Study material:
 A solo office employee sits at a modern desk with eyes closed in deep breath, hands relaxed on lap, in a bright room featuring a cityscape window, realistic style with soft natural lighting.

--

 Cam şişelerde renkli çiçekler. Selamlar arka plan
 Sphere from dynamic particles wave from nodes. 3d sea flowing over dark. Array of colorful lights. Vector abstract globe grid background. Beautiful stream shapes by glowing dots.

...

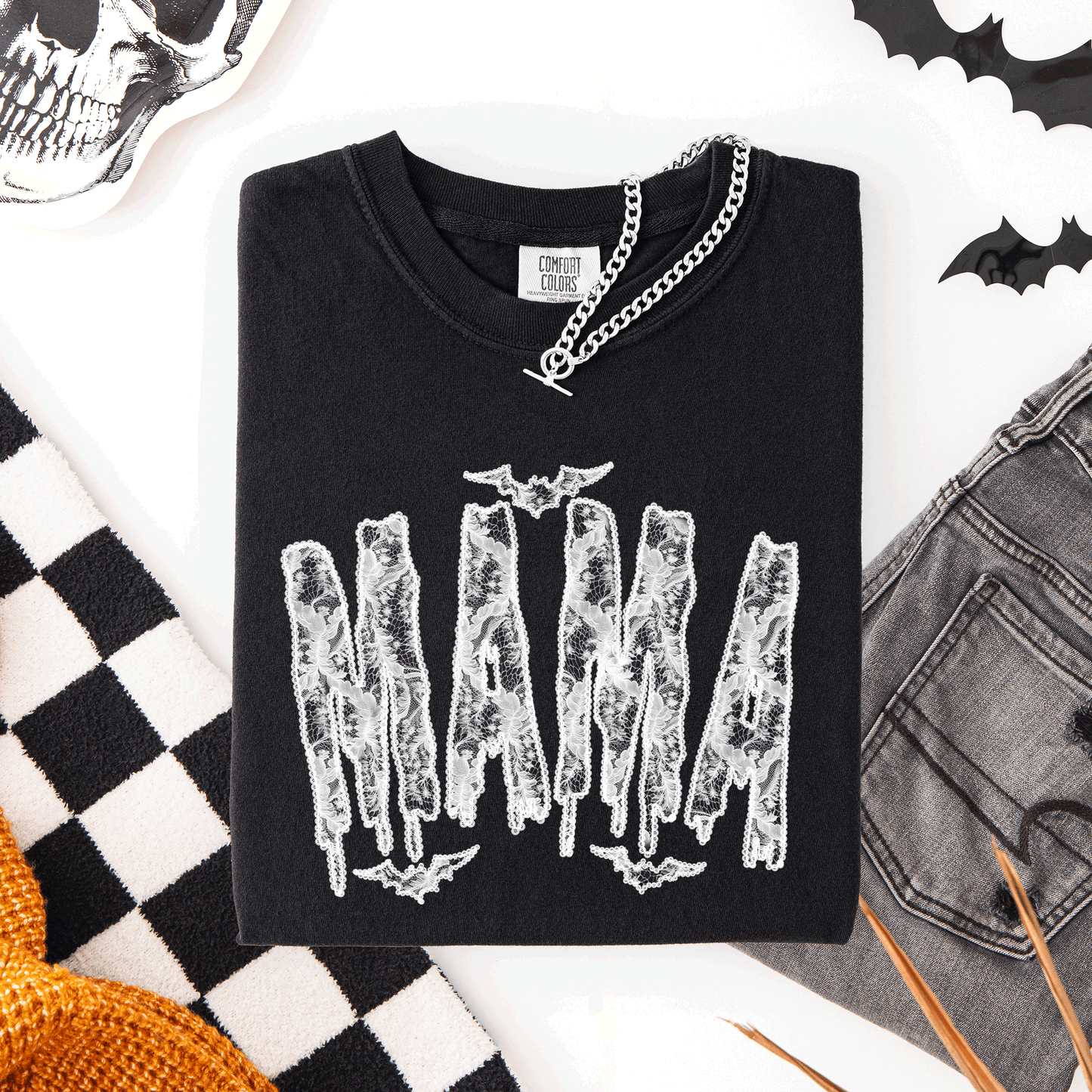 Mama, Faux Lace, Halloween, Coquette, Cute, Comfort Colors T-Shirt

Work task:
Reproduce exactly, and only, the part of the listing above that begins at the line with "Cam şişelerde renkli" and goes on through the line with "Sphere from dynamic".

Finished exercise:
 Cam şişelerde renkli çiçekler. Selamlar arka plan
 Sphere from dynamic particles wave from nodes. 3d sea flowing over dark. Array of colorful lights. Vector abstract globe grid background. Beautiful stream shapes by glowing dots.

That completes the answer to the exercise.